J’ai connu René Dumont. J’ai fait avec lui et quelques professeurs, comme élève, un tour de Bretagne, qui m’a marqué pour toujours. La compagne de R. Dumont m’a envoyé à la place de son compagnon alors en fin de vie, une lettre émouvante en réponse à un courrier où je lui faisais part du décès de mon beau-frère, Jacques Moineau, qui a consacré sa vie à l’Afrique francophone et tout particulièrement au Mali où il a rencontré sa femme Aminata. Jacques a été un de ces coopérants passionnés par le destin de l’Afrique. Toujours sur le terrain, il a milité sans relâche pour que les paysans aient la possibilité de prendre en main leur destin. Combien de fois a-t-il pesté contre la Banque Mondiale, contre les programmes plaqués de l’extérieur sur cette paysannerie qu’il a aimé de toutes ses forces.

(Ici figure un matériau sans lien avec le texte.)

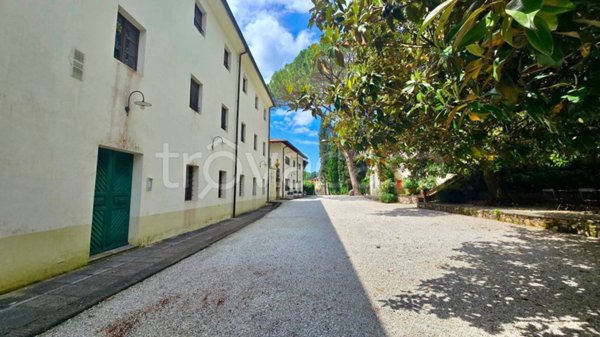 appartamento in vendita a Camaiore in zona Lido di Camaiore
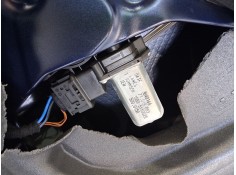 Recambio de elevalunas trasero derecho para bmw 2 active tourer (f45) 216 d referencia OEM IAM 51337490194  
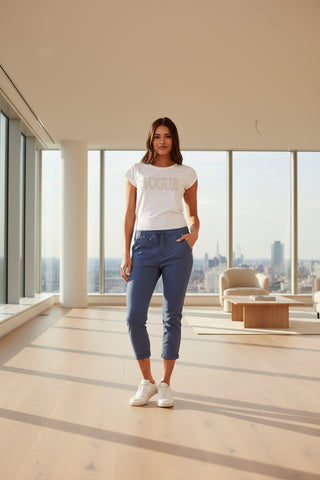 7/8 Jogger Pant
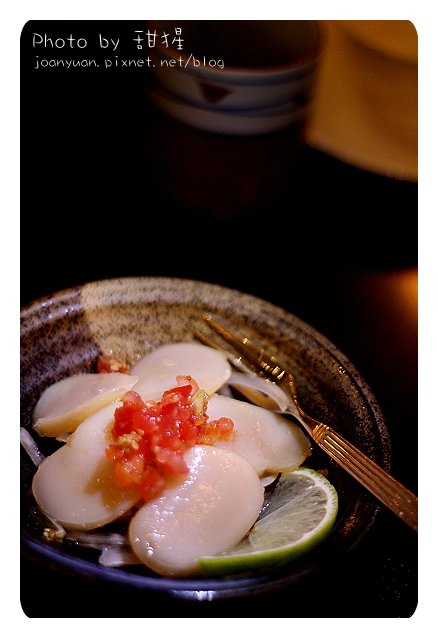 桃子 0511.jpg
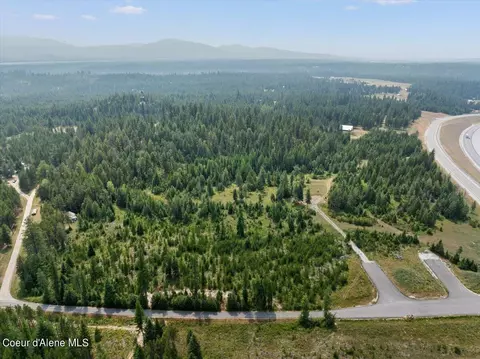 L3 Mara Meadows, Athol, ID 83801 photo 7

Ceci dit je ne connais pas physiquement l’Afrique noire ! Néanmoins je me retrouve dans ce livre dont je conseille ici la lecture.

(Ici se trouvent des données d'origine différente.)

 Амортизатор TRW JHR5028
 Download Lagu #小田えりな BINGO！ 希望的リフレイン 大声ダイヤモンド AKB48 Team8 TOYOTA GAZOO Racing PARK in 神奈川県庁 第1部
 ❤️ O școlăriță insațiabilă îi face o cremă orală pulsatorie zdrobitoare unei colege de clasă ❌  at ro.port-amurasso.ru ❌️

Je connais bien le problème de la faim en Afrique puisque j’y travaille au sein de TECHNAP. Améliorer l’agriculture en Afrique sera de toute façon insuffisant. Il faut résolument se tourner vers le tilapia, le poisson le plus vendu dans le monde, le moringa, l’arbre-légume « miracle », les insectes comestibles et la spiruline, la cyanobactérie riche en protéines. Tous ces programmes sont lancés et se développent plus ou moins inégalement selon les pays. L’acceptation du consommateur reste encore un problème sur lequel nous planchons : exemple des dragées à la spiruline au Burkina.